Task instructions: In the records below, repeat exactly the lines between the line holding "HYUNDAI i20 1.2 MPI MT Connectline" and the line holding "Champion bodysuit", inclusive, and drop the pictures.
--- Records supplied Enclosed Below ---
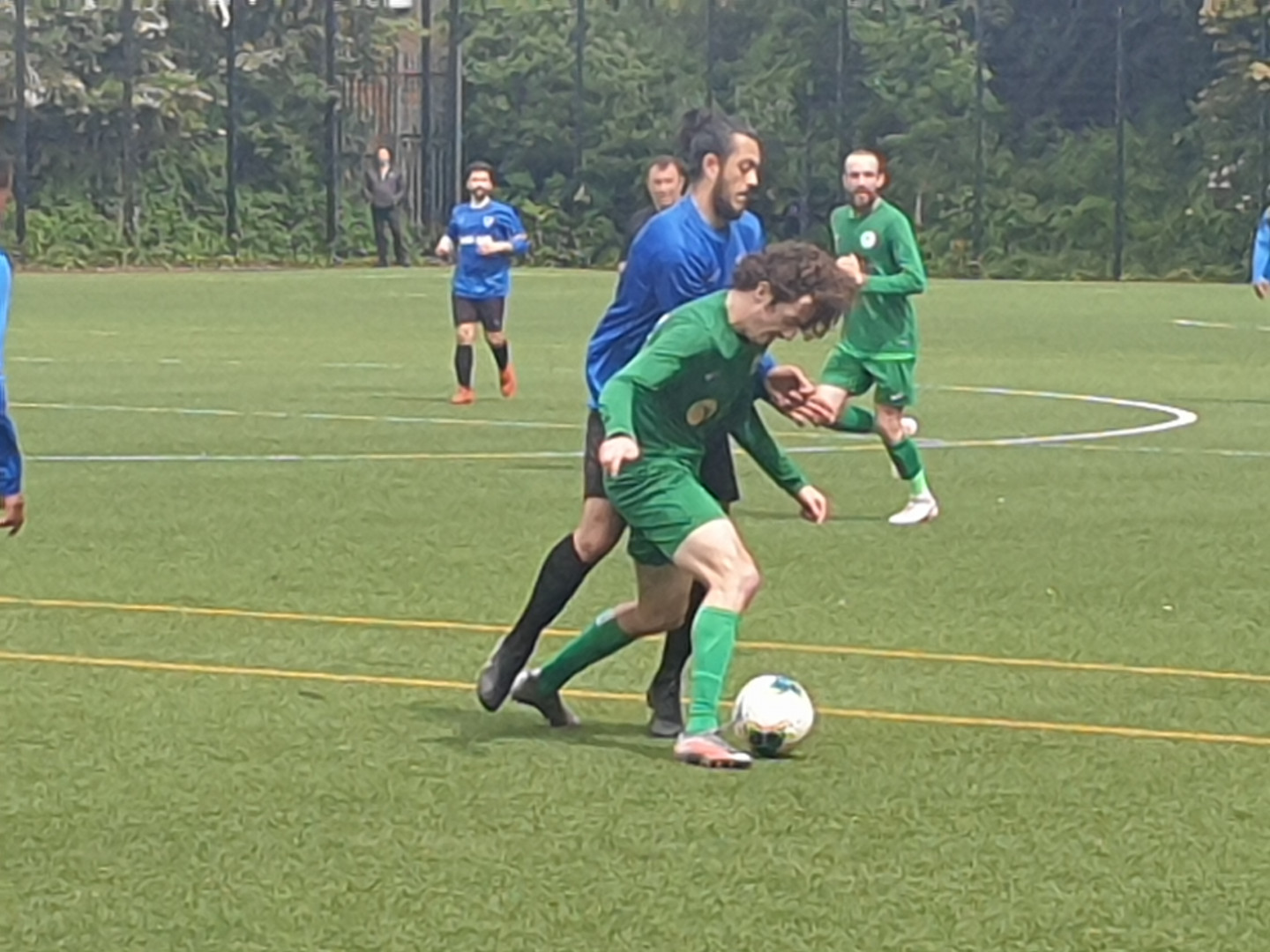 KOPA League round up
--- End of Enclosed Records supplied ---
--- Records supplied Enclosed Below ---
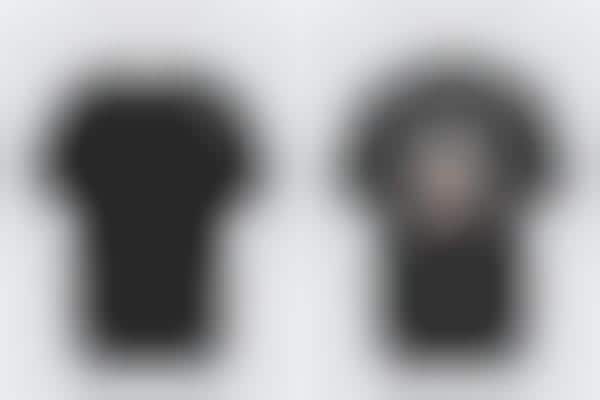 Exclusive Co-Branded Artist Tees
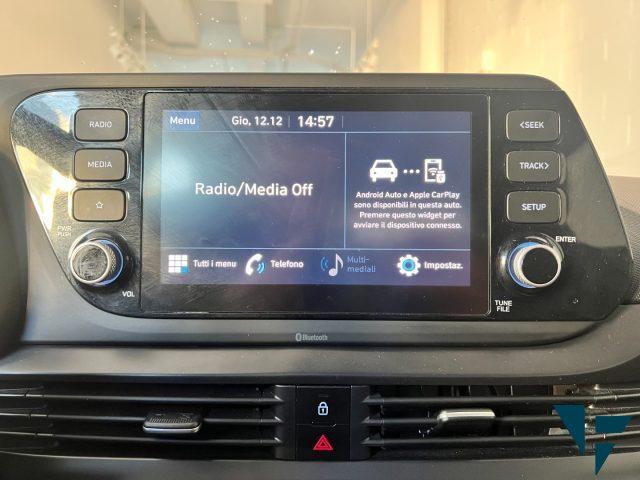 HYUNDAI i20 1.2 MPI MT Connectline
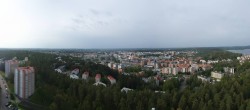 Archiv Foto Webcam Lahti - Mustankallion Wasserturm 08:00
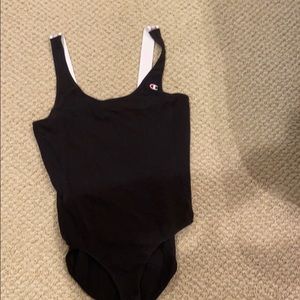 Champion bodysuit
--- End of Enclosed Records supplied ---
--- Records supplied Enclosed Below ---
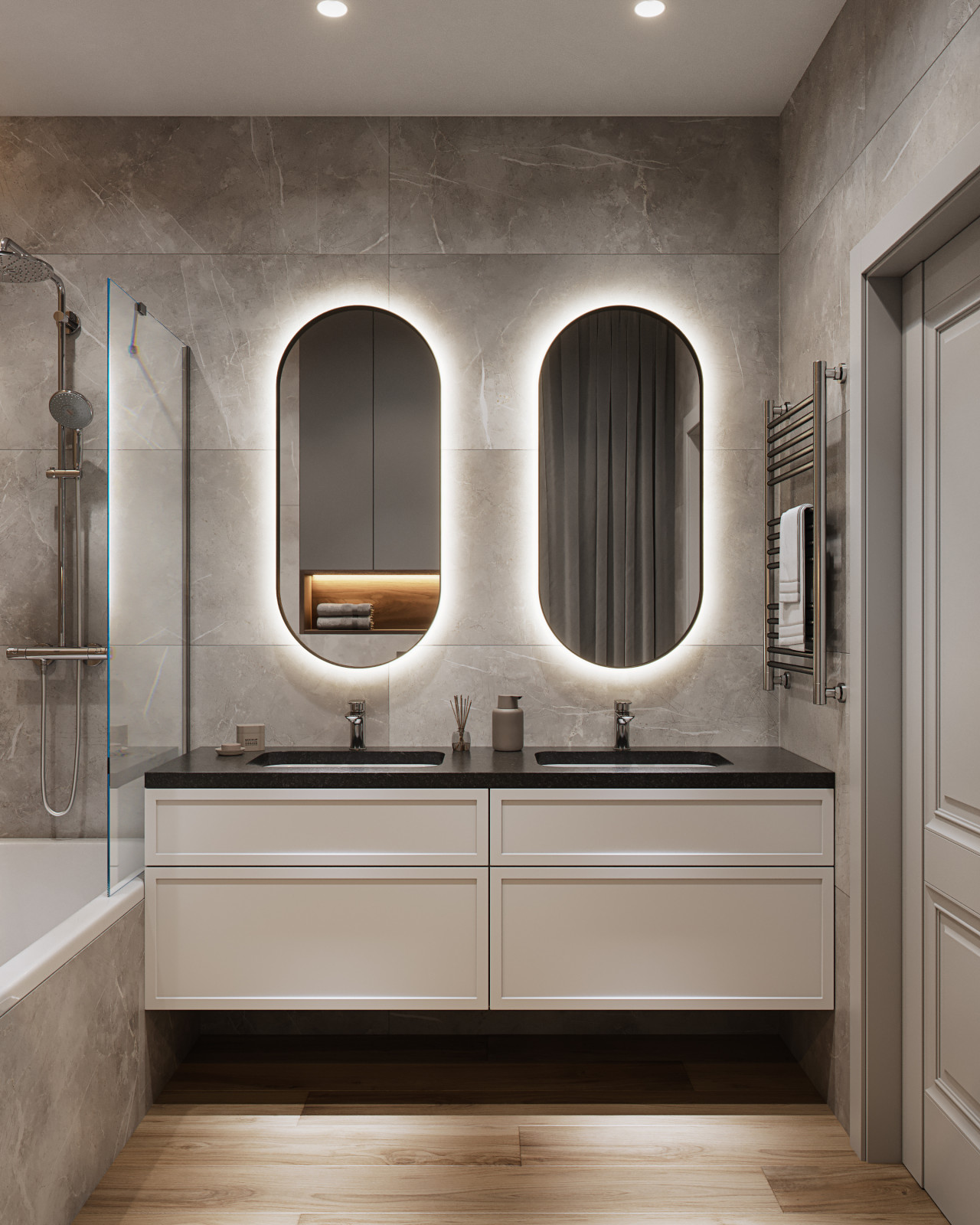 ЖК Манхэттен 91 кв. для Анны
--- End of Enclosed Records supplied ---
Answer area:
 HYUNDAI i20 1.2 MPI MT Connectline
 Archiv Foto Webcam Lahti - Mustankallion Wasserturm 08:00
 Champion bodysuit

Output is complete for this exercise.